As of October 30, 1854 "Report of President and Directors," the company's directors were still acting as superintendents of the sections of the turnpike adjacent to their residences, "all of whom lived upon the line of the road." The directors had not received any reimbursement until the end of the 1854 fiscal year, when the sum of $5 was allowed to each as a remuneration for expenses incurred while attending to the business of the company. The report also indicated the properties owned by the company consisted of three toll houses and lots valued at $1,000.

The company's October 12, 1859, report for the fiscal year ending on September 30, 1859, noted total receipts were $1,735. When added to the previous year's summary and subtracting the $1,161.68 expended during the 1859 fiscal year, the Moorefield and North Branch Turnpike was left with a balance of $2,349.34. The board further reported that due to the heavy rains in September, the turnpike was "greatly injured" and that to repair it would "require a large portion of the balance on hand to put it in proper order."

During the year ending September 30, 1860, the total receipts reported by the turnpike company were $1,959.67, which when added to the balance on hand October 1, 1859, made their balance $4,309.01. The company's directors expended within the year the sum of $1,691.18 leaving a balance in the hands of the treasurer of $2,617.18.

===American Civil War===
Because the road was a strategic transportation corridor between the Baltimore and Ohio Railroad and Romney, the Moorefield and North Branch Turnpike was the scene of military activity throughout the American Civil War. On September 24, 1861, the Battle of Hanging Rocks Pass took place along the turnpike at Hanging Rocks. Another engagement occurred on October 26, 1861, at the Wire Bridge at Lower Hanging Rocks that carried the turnpike across the South Branch Potomac River between Grace and Blues Beach.
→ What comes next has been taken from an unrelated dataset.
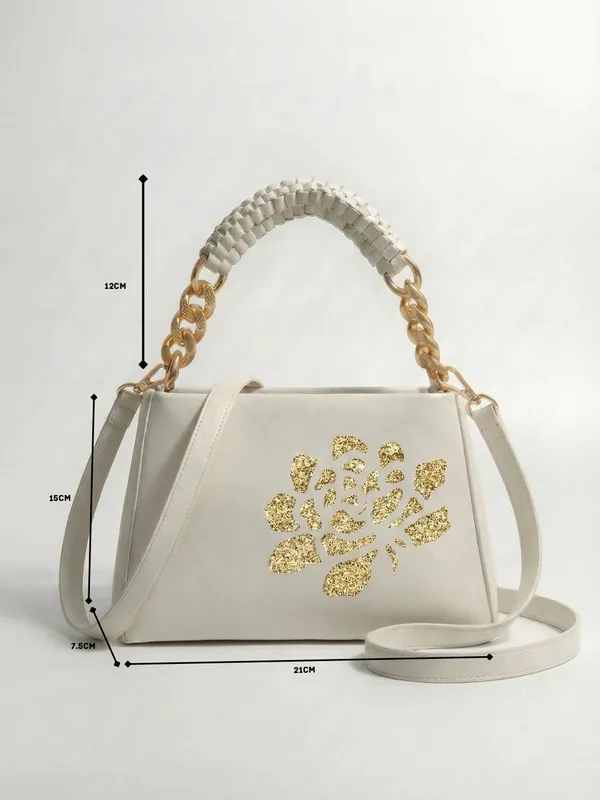 LIKE_STYLE_Women’s_Gold_Glitter_Floral_PU_Sling_Bag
An article in the June–November 1866 volume of Harper's Magazine entitled "Personal Recollections of the War," written by renowned magazine illustrator David Hunter Strother, recounts Strother's treacherous November 20, 1861, journey on the Moorefield and North Branch Turnpike:
After a hearty dinner with the General we remounted and turned our horses' heads to Green Spring. My Secession steed, although long-legged and fiery at the start, began soon to show symptoms of fagging. Lieutenant Devin's horse was in the same plight, and we soon found ourselves distanced by our driving Colonel. Night overtook us between Springfield and Green Spring and we pursued journey at the risk of being shot either by rebel malignants, who ambuscaded our pickets, or our own suspicious sentinels, who were posted all along the highway at short intervals. At every half mile a picket-fire blazed in the road, and as we advanced into the circle of light the guard had an ugly way of retiring into the shade, out of sight, and with a startling halt, and still more startling click of his musket-lock, demanding our business and condition. As several of our sentinels had been treacherously shot their suspicion was extremely hazardous to the traveler. We were lucky enough to arrive at Green Spring without accident.

During the American Civil War, a United States military telegraph land line was in operation along the Moorefield and North Branch Turnpike on July 1, 1864. The telegraph line ran 7 mi between Green Spring and Springfield. It was "necessarily abandoned" later in July 1864.

===North and South Branches Turnpike===
The Moorefield and North Branch Turnpike Company was succeeded by the North and South Branches Turnpike Company created by an act of the Legislature of West Virginia on February 19, 1868. Much of the present West Virginia Route 28 follows the route of the North and South Branches Turnpike from Ridgeley to Moorefield.